Artist: Stefano Ricci (Florence 1756-1837)
Title: Cenotaph of Dante Alighieri (1265-1321)
Date: 1818-1829, inaugurated 1830
Material and tecnique: marble
dimensions: 520 x 270 cm
Inscription: "STEFANO RICCI F[IORENTINO] F[E]CE"
Position: Basilica of Santa Croce, south aisle, between the second and third bays
Dante's cenotaph, the City of Florence's first official tribute to the poet who died in exile and is buried in Ravenna, was promoted by Grand Duke Ferdinando III (1769–1824) and paid for by a public funding initiative signed by some of the leading players on the Florentine cultural scene at the time. The initiative attracted widespread support and Giacomo Leopardi composed his celebrated hymn entitled Sopra il monumento di Dante che si preparava in Firenze in 1818 as a mark of his enthusiasm. The artist chosen to carve the cenotaph was Stefano Ricci, one of the most important Tuscan sculptors of his day who had already worked in Santa Croce but had never previously turned his hand to something so monumental.
The cenotaph had a difficult gestation, the sculptor preparing numerous designs before finally achieving a definitive version and then taking over ten years to produce it.
Dante dressed in classical garb and crowned with a laurel wreath is seated deep in thought high above the centre of the composition, his arm resting on the Divine Comedy. Two female figures accompany the sarcophagus. On the left, Italy stands erect sporting a crown of towers and walls, while on the right weeping Poetry drapes herself over the tomb.
The composition and the poses of the figures echo the work of Ricci's undisputed model, Canova, in his tombs of Pope Clement XIV in Santi Apostoli in Rome and of Clement XII in St. Peter's for the figure of Italy.

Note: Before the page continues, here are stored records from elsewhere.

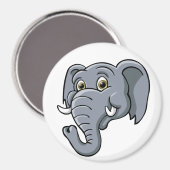 Cartoon Elephant Magnet (Vorderseite/Rückseite)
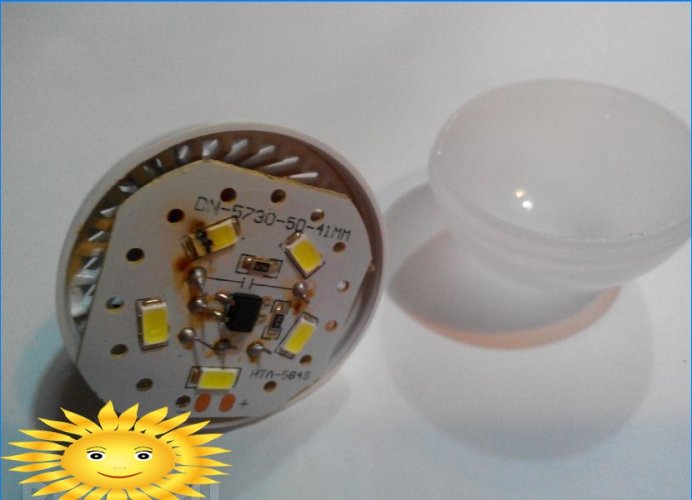 Oprava DIY LED lampy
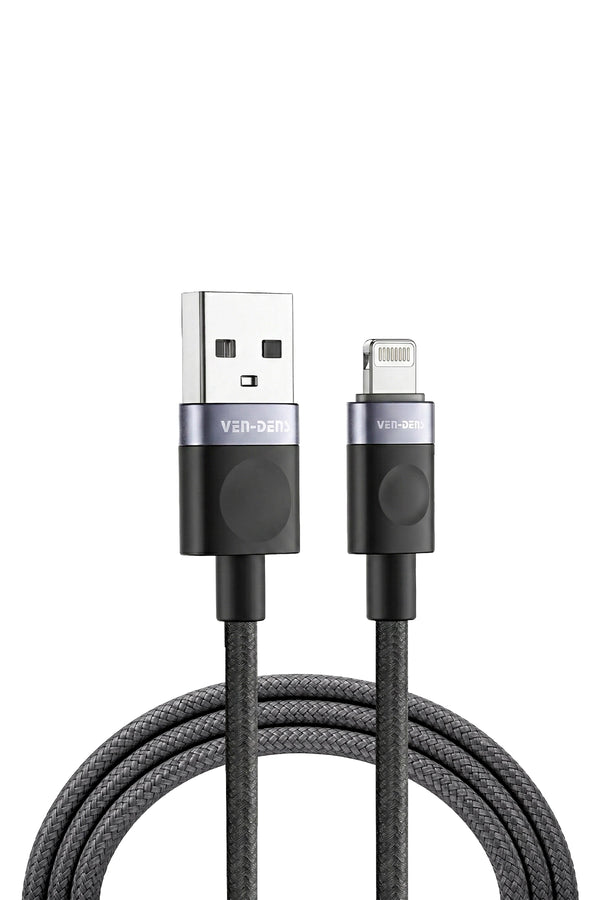 Vendens VD-DCM02 Premium Örgülü iPhone Uyumlu Lightning Hızlı Şarj Kablosu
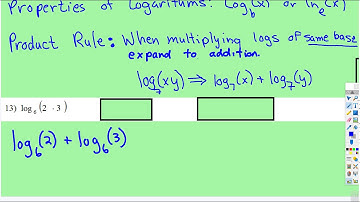 Properties of Logarithms: Product Rule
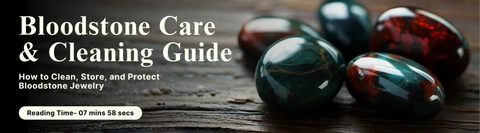 Bloodstone Care and Cleaning Guide: How to Clean, Store, and Protect Bloodstone Jewelry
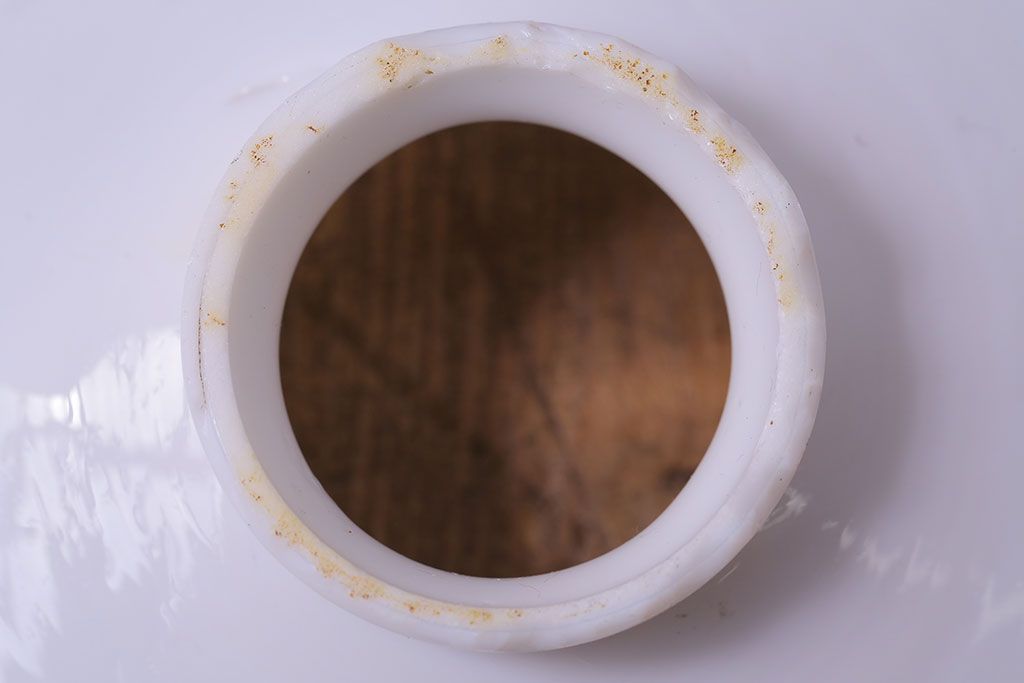 昭和期　懐かしい雰囲気漂うシンプルな平笠シェード(電笠、吊り下げ照明、ペンダントライト)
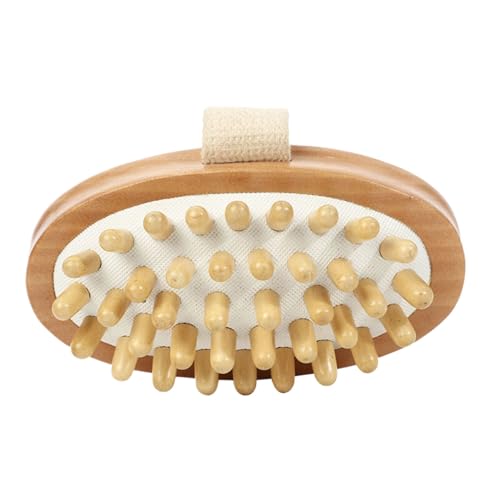 Wooden massager, Neck and Back comb Massager, manual roller massage tool, portable meridian massager Natural Massage comb Stick Tools ChuWenSheng472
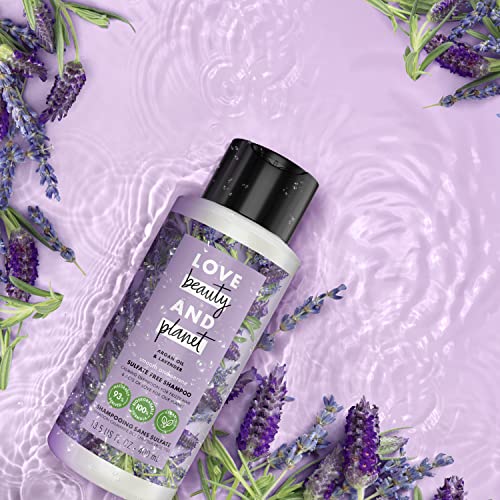 Love Beauty and Planet Argan Oil and Lavender Sulfate-Free Shampoo for Frizz Control - 13.5 oz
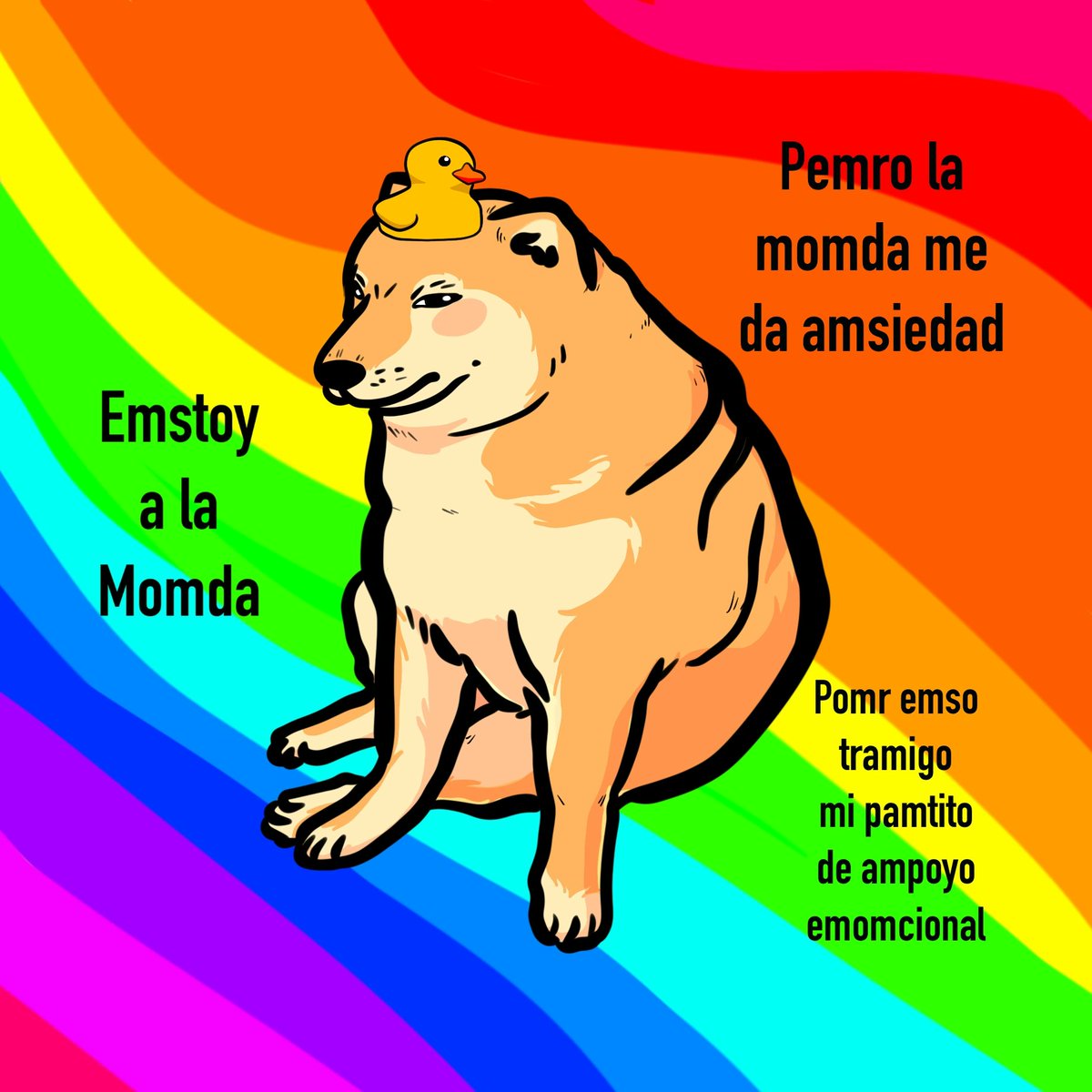 KantunAhau's tweet photo. Emstoy a la momda. #cheems #cheemsballtze #cheemsarmy💛 #cheemsmeme #cheemsdog #cheemsmemes #Cheems #ruberduck #ruberducky #ruberduckies #ducky #duck https://t.co/jHFdKpy8Mg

The cenotaph, which is both imposing and demanding in technical terms, was inaugurated on 24 March 1830, many years after it was first designed, attracting much praise and the admiration of sculptor Berthel Thorvaldsen, but also serious criticism. In an age ripe with purist and Romantic ideals, the cenotaph with its patent Neoclassical pedigree appeared hopelessly old-fashioned.